Question

If the interatomic distance between ${{A}_{2}}$ and ${{B}_{2}}$ is 74 pm and 198 pm, then the bond length of AB will be-
(A)- 136 pm
(B)- 68 pm
(C)- 272 pm
(D)- 363 pm

Answer 1

In molecular geometry, the average distance between the nuclei of two bonded atoms in a molecule is known as bond length or bond distance. The distance between the nuclei of atoms in a material or a compound is known as atomic spacing.

Complete Step by step answer:
-In solid materials, the atomic spacing refers to the bond lengths of its atoms.
-In a bond between two identical atoms, half the bond distance is equal to the covalent radius.
-Bond length of a compound or element is measured either by X-ray diffraction or approximated in the gas phase by microwave spectroscopy.
-A bond between a pair of atoms may vary with different molecules because of various factors affecting it like a steric hindrance, electronegativity, etc.
-Let the radius of two atoms ${{A}_{2}}$ and ${{B}_{2}}$ be ‘r’ and ‘r’ respectively which combines to form the molecule AB whose interatomic distance will be 2r.
$r=\dfrac{\text{interatomic distance}}{2}$
-The radius of atom A $=\dfrac{74}{2}=37pm$
-The radius of atom B $=\dfrac{198}{2}=99pm$ (pm = picometer)
-The bond length of the molecule AB will be the summation of the radius of A and radius of B.
-Bond length of AB = 37 + 99 = 136 pm
-Hence the calculated bond length of AB will be 136pm.

Therefore, the correct answer is option A.

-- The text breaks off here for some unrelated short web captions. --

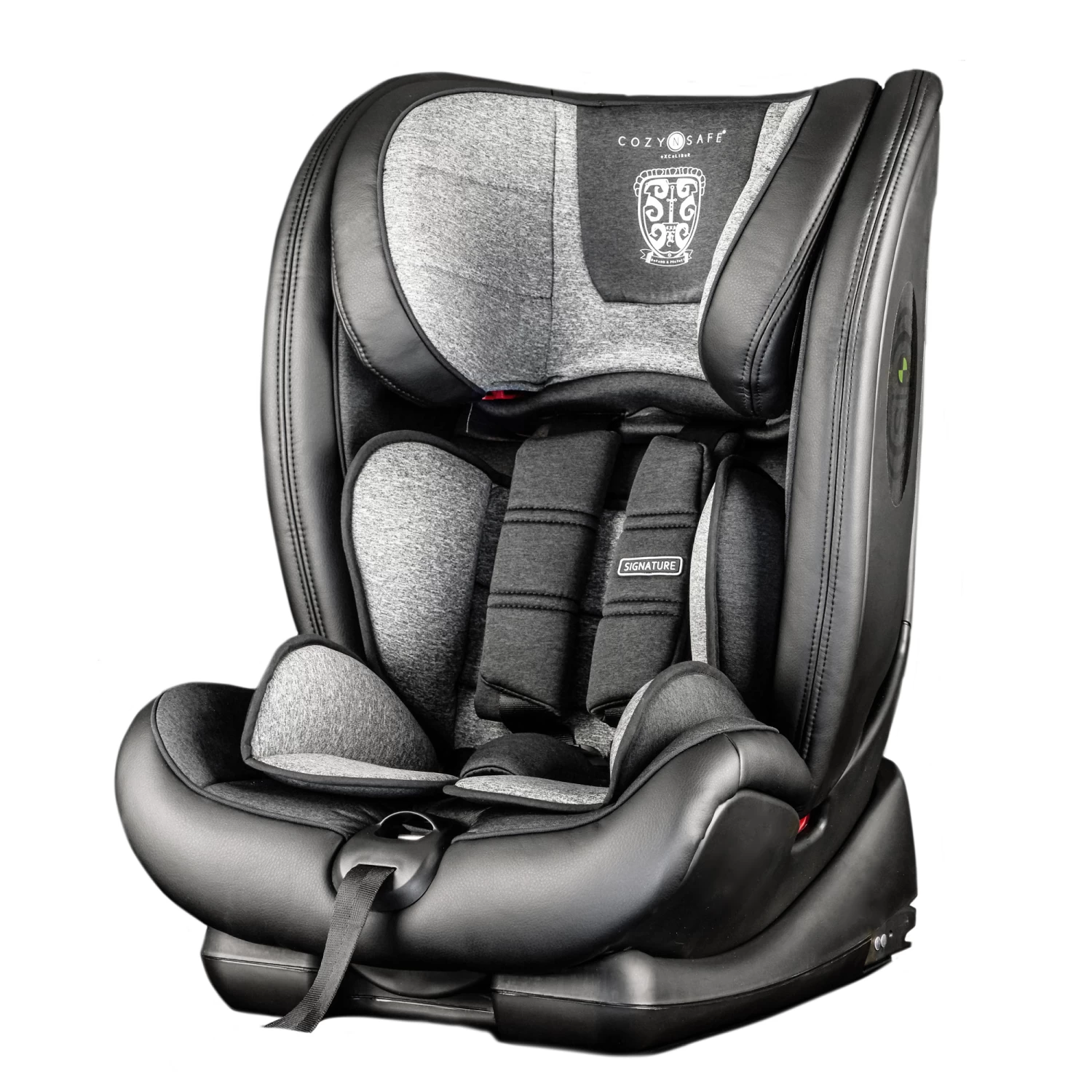 Cozy N Safe Car Seats Cozy N Safe Excalibur Group 1/2/3 Child Car Seat - Graphite 5 Cozy N Safe Car Seats Cozy N Safe Excalibur Group 1/2/3 Child Car Seat - Graphite - Image 3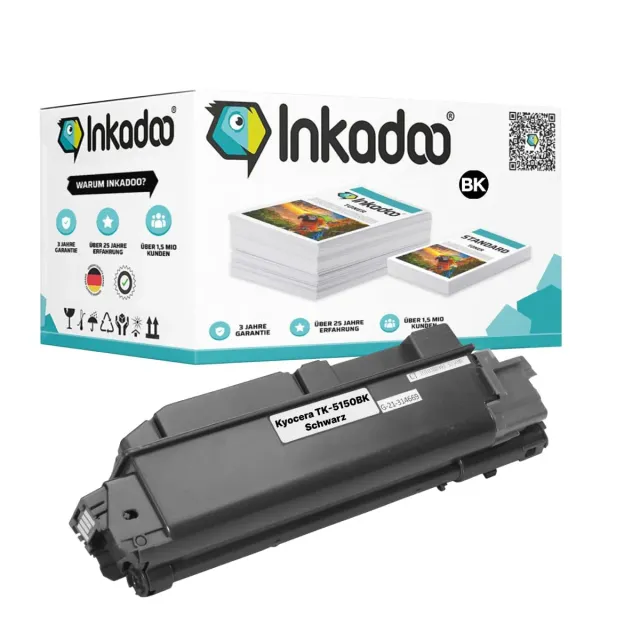 Inkadoo TK-5150K Toner kompatibel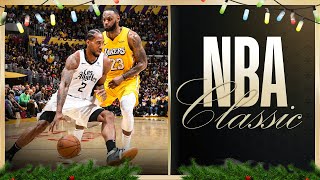 Clippers amp Lakers Battle For LA On Christmas Day  NBA Classic Game [upl. by Phelgen]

Note: Bond length or bond distance is a transferable property of a bond between atoms of fixed types, which are relatively independent of the rest of the molecules. When more electrons participate in bond formation, the bond is shorter, which implies that bond length is related to bond order. Bond length is inversely proportional to the bond strength and the bond dissociation energy.